Perhaps $d_0$ can be any integer, positive or negative. Otherwise there is certainly an upper bound (perhap$(a_0+1)\theta_1$) on the  $\beta$  which can be expressed. 

HOWEVER, something along these lines should be true. You could likely discover then prove it by (imagining that) you are looking at an example such as $\sqrt{3}=[3;3,3,3,\cdots]$, considering the sums with $d_i=0$ for $i \gt N$ and where they are: The following would seem to  need to be true along with the obvious extensions.

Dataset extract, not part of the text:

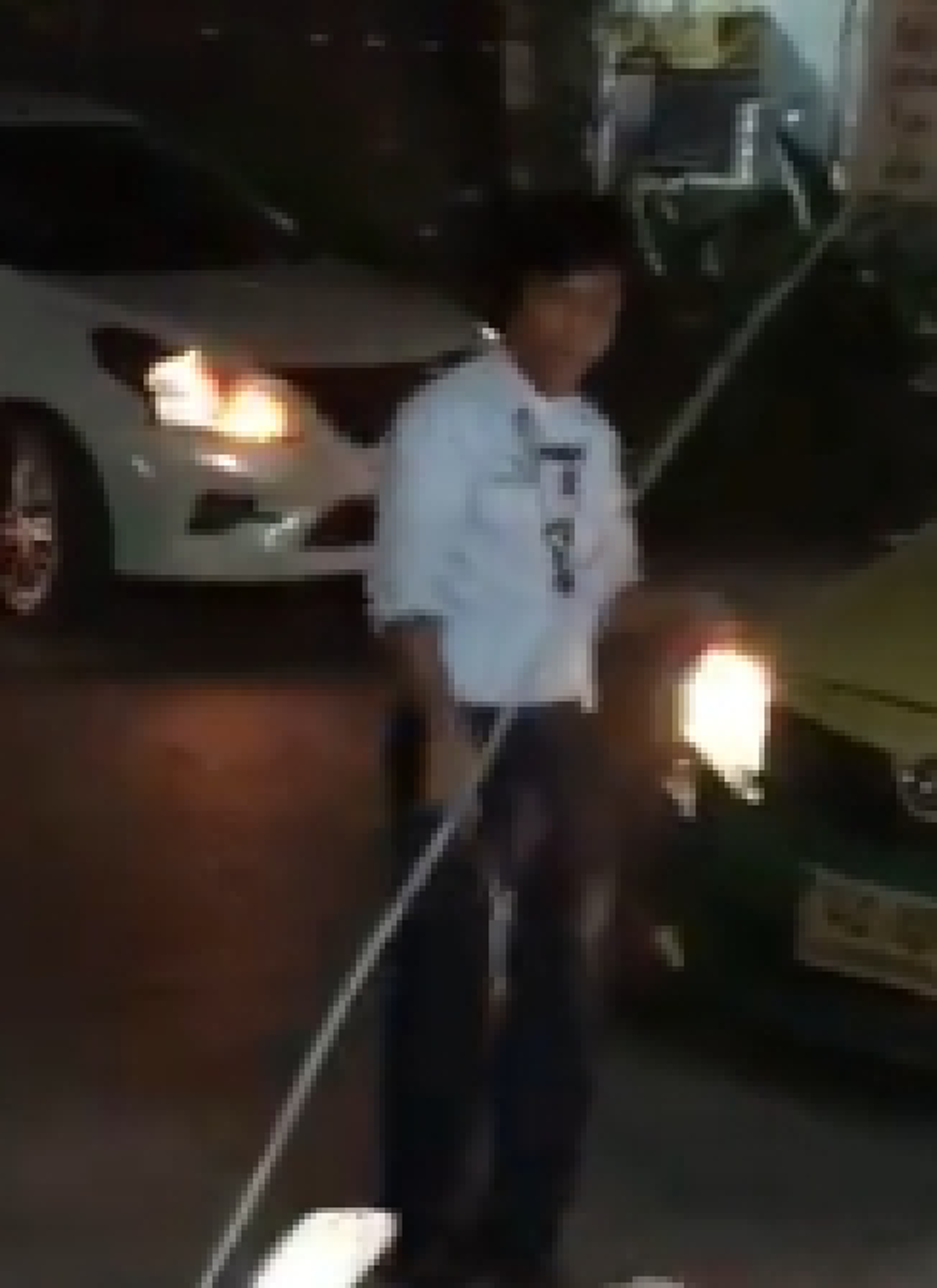 กราบแอคติ้ง!!! หนุ่มเจอตูบ 4 ขาเดินไม่ได้กลางถนน หวังดีจะเข้าช่วยแต่ต้องสะตั๊นเมื่อเจ้าตูบหันหน้ามาแสยะยิ้ม...แล้วลุกขึ้นเดิน? (คลิป)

Only the indicated inequalities actually need to be justified.  $$0 \lt \theta_0 \lt 2\theta_0 \lt 3\theta_0$$  $$(d_0-1)\theta_0 \lt^? d_0\theta_0+3\theta_1 \lt d_0\theta_0+2\theta_1 \lt d_0\theta_0+\theta_1 \lt d_0\theta_0 $$ 

$$d_1\theta_1 \lt d_1\theta_1+\theta_2 \lt d_1\theta_1+2\theta_2\lt d_1\theta_1+3\theta_2  \lt^? (d_1-1)\theta_1$$

Describe what happens (for general $\alpha$), prove it using the properties of continued fractions, figure out what breaks down with $d_i=a_{i+1}$ and $d_{i-1} \ne 0$ and with having the (correct) final conditions fail.

**Later** A alternating in sign sequence $|\theta_0| \gt |\theta_2| \gt \cdots$  from a continued fraction has many properties but perhaps only some of them are needed for the result you wish (whatever it is). It might be helpful to just analyze what has to be true for the result to hold.